I Can a shear operation introduce a new linear dependency?

[swampwiz]

Specifically, an elemental shear operation.

I can prove how any existing linear dependency that exists persists with the new sheared vector, but I can't seem to prove that this shear operation does not introduce a linear dependency. I can see how the vector space between the 2 rows involved does not change since the situation of those vectors being non-parallel has the updated row still not being parallel to the other, and for the situation in which they are parallel, the updated row remains parallel. My goal is to be able to prove that the rank does not change in a shear operation.

EDIT: I think I can justify the contention that there is no new linear dependency since I do not introduce an equation of the form of the zero vector (or any constant vector) to a coefficient sum of row vectors - but this seems weak.

 

[fresh_42]

What happens if you shear a square by 45°? Now do the same operation with 90°.

 

[swampwiz]

What happens if you shear a square by 45°? Now do the same operation with 90°.

OK, I see how a shear of 90° is impossible. I just can't seem to prove that somehow by bad luck there isn't some new dependency being introduced in the total matrix.

 

[fresh_42]

Why is it impossible? It is a shear of a square to a flat line. Maybe I don't understand what you mean by a shear. How is it defined?

 

[swampwiz]

Why is it impossible? It is a shear of a square to a flat line. Maybe I don't understand what you mean by a shear. How is it defined?

I was interpreting it as the angle from the normal, so 0 degrees would be zero shear. In essence, the shear amount is the tangent, and of course the tangent of 90 degrees in infinity.

 

[swampwiz]

Specifically, an elemental shear operation.

I can prove how any existing linear dependency that exists persists with the new sheared vector, but I can't seem to prove that this shear operation does not introduce a linear dependency. I can see how the vector space between the 2 rows involved does not change since the situation of those vectors being non-parallel has the updated row still not being parallel to the other, and for the situation in which they are parallel, the updated row remains parallel. My goal is to be able to prove that the rank does not change in a shear operation.

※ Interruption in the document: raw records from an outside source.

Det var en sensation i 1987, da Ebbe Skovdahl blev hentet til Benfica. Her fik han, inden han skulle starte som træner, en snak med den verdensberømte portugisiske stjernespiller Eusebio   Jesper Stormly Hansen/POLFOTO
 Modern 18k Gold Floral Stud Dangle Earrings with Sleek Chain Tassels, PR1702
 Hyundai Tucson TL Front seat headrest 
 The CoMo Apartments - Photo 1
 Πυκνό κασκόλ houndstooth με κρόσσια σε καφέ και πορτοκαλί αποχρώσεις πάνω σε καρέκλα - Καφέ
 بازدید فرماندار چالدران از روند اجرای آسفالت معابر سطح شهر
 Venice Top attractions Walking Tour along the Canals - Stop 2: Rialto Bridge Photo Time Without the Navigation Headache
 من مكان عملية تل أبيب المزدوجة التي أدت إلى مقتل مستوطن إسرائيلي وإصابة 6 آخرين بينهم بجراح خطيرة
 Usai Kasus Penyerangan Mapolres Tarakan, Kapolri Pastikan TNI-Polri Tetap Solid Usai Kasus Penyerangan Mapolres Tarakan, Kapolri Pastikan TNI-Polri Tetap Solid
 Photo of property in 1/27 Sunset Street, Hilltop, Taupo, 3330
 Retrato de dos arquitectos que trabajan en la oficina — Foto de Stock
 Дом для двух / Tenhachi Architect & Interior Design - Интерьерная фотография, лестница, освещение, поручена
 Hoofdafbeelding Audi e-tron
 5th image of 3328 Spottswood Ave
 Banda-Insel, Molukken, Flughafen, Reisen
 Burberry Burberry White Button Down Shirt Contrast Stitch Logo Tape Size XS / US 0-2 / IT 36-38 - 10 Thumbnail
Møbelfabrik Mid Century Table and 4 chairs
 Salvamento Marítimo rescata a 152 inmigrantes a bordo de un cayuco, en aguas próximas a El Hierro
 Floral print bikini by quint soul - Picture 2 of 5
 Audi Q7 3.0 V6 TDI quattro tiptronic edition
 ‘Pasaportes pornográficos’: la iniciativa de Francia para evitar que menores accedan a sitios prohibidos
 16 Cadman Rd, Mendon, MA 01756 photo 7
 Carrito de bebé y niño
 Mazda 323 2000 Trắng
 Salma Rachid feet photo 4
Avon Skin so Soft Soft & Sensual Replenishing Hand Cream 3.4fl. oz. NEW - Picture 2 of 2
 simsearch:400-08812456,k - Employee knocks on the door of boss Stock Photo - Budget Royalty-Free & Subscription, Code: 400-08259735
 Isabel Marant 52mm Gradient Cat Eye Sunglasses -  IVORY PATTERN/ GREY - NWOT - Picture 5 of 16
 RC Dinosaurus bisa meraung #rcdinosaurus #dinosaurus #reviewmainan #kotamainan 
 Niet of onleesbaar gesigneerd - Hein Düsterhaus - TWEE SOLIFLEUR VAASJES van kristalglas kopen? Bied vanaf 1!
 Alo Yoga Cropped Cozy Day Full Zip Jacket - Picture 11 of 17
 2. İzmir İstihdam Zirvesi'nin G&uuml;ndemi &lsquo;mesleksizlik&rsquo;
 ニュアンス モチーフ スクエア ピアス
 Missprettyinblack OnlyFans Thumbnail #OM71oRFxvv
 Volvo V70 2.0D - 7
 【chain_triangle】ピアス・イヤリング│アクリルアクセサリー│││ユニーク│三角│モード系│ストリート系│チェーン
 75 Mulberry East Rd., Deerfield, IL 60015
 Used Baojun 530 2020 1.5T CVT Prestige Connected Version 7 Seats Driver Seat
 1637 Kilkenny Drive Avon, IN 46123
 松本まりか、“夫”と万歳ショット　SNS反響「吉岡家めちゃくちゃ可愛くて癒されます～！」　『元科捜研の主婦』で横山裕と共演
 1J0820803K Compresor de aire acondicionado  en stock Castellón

EDIT: I think I can justify the contention that there is no new linear dependency since I do not introduce an equation of the form of the zero vector (or any constant vector) to a coefficient sum of row vectors - but this seems weak.

2nd EDIT: OK, I took the notion of not introducing a new linear dependency and went in reverse - which is easy to do since all it does is change the plus to a minus sign - and since they persist in both directions, the number of them must be invariant. I guess because a shear in invertible, I should have thought of it like that originally.

 

[WWGD]

AFAIK, a linear map $L: A \rightarrow B$ preserves subspaces iff DimA $\leq$DimB and L has trivial kernel.

 

[fresh_42]

AFAIK, a linear map $L: A \rightarrow B$ preserves subspaces iff DimA $\leq$DimB and L has trivial kernel.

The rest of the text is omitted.